(MATERIAL TO PROCESS)

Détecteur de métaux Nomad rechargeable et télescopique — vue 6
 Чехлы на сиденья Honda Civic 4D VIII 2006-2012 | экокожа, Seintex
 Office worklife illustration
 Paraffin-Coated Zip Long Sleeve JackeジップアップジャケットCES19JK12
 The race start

(End MATERIAL TO PROCESS)

PROBLEM REQUIREMENTS:
Every line of the records above needs to be given again exactly.

WRITTEN REPLY:
Détecteur de métaux Nomad rechargeable et télescopique — vue 6
 Чехлы на сиденья Honda Civic 4D VIII 2006-2012 | экокожа, Seintex
 Office worklife illustration
 Paraffin-Coated Zip Long Sleeve JackeジップアップジャケットCES19JK12
 The race start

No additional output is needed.